_INFORMATION SHOWN_
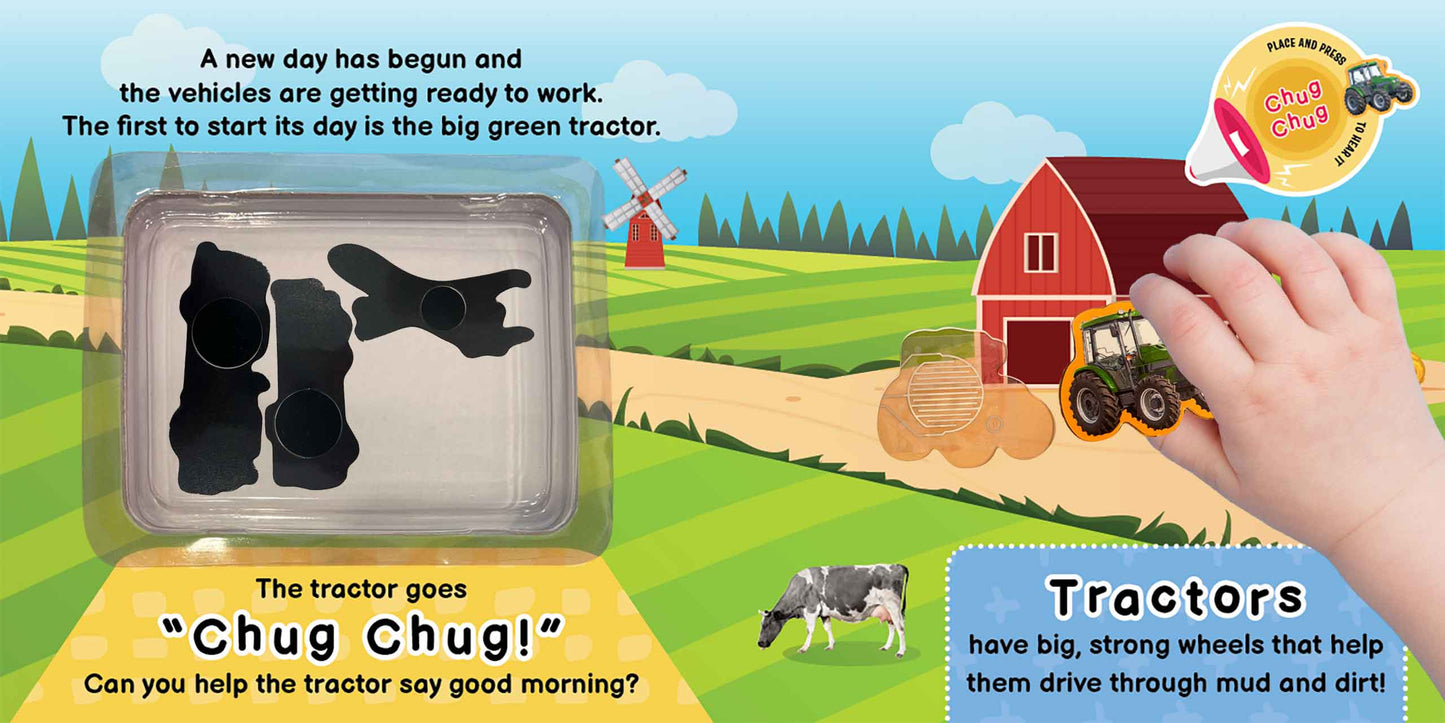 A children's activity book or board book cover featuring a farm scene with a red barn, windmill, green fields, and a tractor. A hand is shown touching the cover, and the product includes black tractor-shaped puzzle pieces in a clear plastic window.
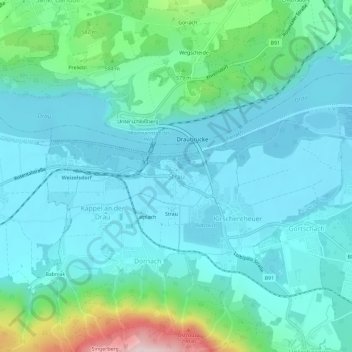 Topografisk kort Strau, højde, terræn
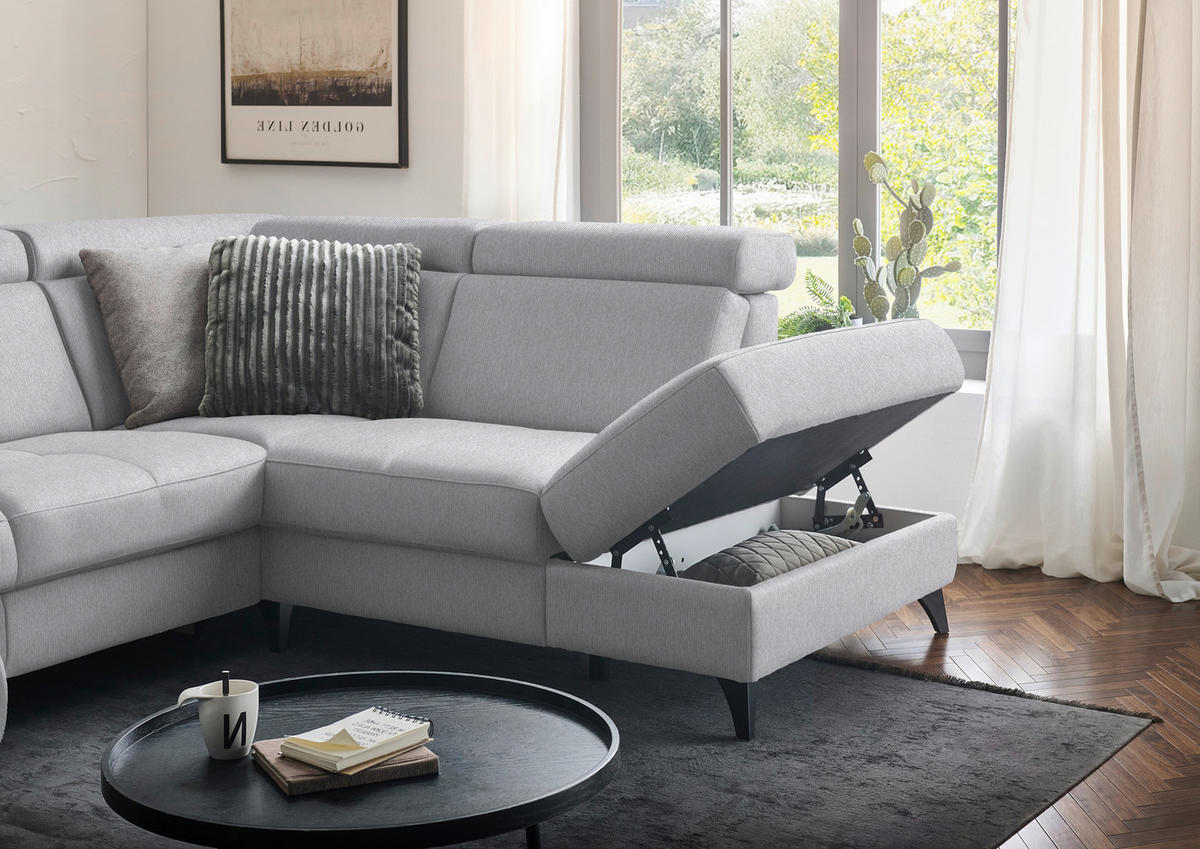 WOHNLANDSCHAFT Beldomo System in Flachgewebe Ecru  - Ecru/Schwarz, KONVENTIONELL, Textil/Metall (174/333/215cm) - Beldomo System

--

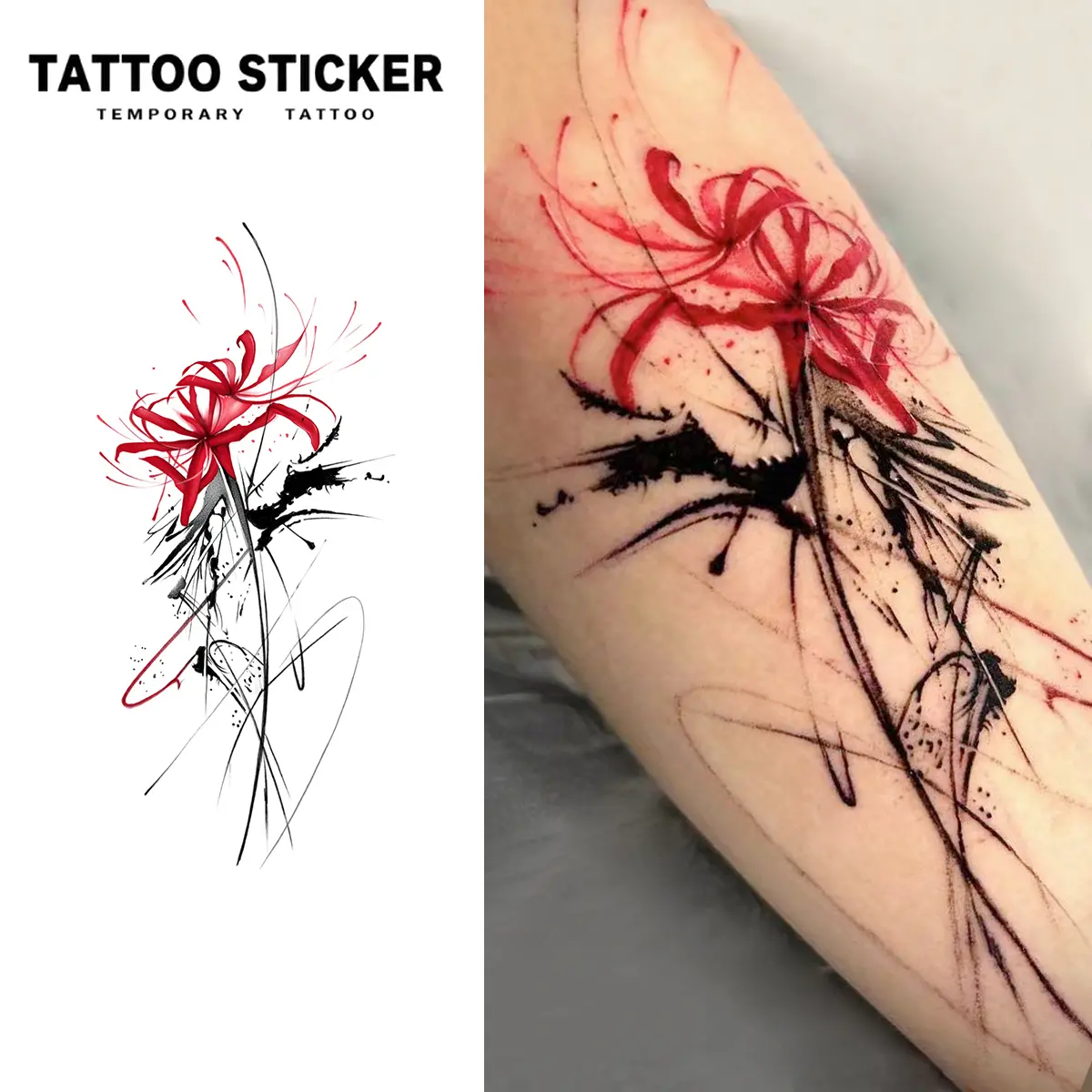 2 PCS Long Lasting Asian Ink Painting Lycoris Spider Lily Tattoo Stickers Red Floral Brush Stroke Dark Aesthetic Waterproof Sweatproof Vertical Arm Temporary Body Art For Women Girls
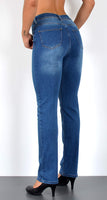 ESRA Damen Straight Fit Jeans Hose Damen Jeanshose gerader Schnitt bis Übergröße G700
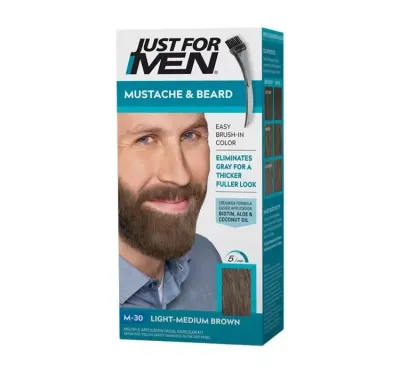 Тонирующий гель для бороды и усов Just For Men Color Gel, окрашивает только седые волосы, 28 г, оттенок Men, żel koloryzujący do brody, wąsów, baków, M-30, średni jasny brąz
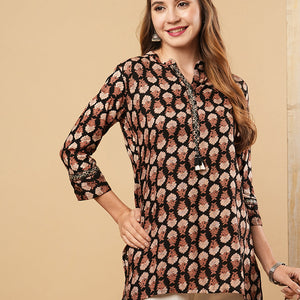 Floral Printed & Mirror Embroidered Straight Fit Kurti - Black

_EXERCISE_
Print an exact copy of the lines above, from the one containing "ESRA Damen Straight" through the one containing "Floral Printed &", and leave out the pictures.

_PROBLEM SOLUTION_
 ESRA Damen Straight Fit Jeans Hose Damen Jeanshose gerader Schnitt bis Übergröße G700
 Тонирующий гель для бороды и усов Just For Men Color Gel, окрашивает только седые волосы, 28 г, оттенок Men, żel koloryzujący do brody, wąsów, baków, M-30, średni jasny brąz
 Floral Printed & Mirror Embroidered Straight Fit Kurti - Black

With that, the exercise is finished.